BEGIN
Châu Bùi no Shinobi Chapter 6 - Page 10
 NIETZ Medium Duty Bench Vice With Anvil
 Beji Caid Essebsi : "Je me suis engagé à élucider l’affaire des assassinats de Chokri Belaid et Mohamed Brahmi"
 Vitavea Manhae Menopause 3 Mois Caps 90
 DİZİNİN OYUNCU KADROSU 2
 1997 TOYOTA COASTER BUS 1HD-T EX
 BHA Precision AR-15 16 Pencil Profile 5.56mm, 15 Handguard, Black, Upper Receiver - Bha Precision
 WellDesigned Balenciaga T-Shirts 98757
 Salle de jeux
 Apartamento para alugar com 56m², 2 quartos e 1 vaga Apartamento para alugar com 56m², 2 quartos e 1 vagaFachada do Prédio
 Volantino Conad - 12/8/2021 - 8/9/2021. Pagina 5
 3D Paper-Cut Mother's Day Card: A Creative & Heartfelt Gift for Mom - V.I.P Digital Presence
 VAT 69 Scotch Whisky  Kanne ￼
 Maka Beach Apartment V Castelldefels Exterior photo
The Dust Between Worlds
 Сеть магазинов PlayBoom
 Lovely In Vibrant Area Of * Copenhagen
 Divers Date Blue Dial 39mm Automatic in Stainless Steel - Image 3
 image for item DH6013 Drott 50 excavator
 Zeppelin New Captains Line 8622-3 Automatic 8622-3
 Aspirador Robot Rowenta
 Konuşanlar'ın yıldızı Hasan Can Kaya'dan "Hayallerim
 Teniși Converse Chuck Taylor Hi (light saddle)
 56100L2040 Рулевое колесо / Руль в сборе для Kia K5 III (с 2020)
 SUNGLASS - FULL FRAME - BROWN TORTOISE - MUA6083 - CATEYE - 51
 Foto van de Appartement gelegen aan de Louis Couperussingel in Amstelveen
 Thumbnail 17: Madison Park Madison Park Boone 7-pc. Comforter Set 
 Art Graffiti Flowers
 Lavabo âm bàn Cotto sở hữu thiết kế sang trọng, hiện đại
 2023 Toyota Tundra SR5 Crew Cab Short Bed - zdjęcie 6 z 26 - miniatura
END
→ What you have to do
Extract from the material above the stretch running from the line containing "DİZİNİN OYUNCU KADROSU 2" through the line containing "Konuşanlar'ın yıldızı Hasan". Keep the text exact and the pictures out.

→ Finished exercise
 DİZİNİN OYUNCU KADROSU 2
 1997 TOYOTA COASTER BUS 1HD-T EX
 BHA Precision AR-15 16 Pencil Profile 5.56mm, 15 Handguard, Black, Upper Receiver - Bha Precision
 WellDesigned Balenciaga T-Shirts 98757
 Salle de jeux
 Apartamento para alugar com 56m², 2 quartos e 1 vaga Apartamento para alugar com 56m², 2 quartos e 1 vagaFachada do Prédio
 Volantino Conad - 12/8/2021 - 8/9/2021. Pagina 5
 3D Paper-Cut Mother's Day Card: A Creative & Heartfelt Gift for Mom - V.I.P Digital Presence
 VAT 69 Scotch Whisky  Kanne 
 Maka Beach Apartment V Castelldefels Exterior photo
The Dust Between Worlds
 Сеть магазинов PlayBoom
 Lovely In Vibrant Area Of * Copenhagen
 Divers Date Blue Dial 39mm Automatic in Stainless Steel - Image 3
 image for item DH6013 Drott 50 excavator
 Zeppelin New Captains Line 8622-3 Automatic 8622-3
 Aspirador Robot Rowenta
 Konuşanlar'ın yıldızı Hasan Can Kaya'dan "Hayallerim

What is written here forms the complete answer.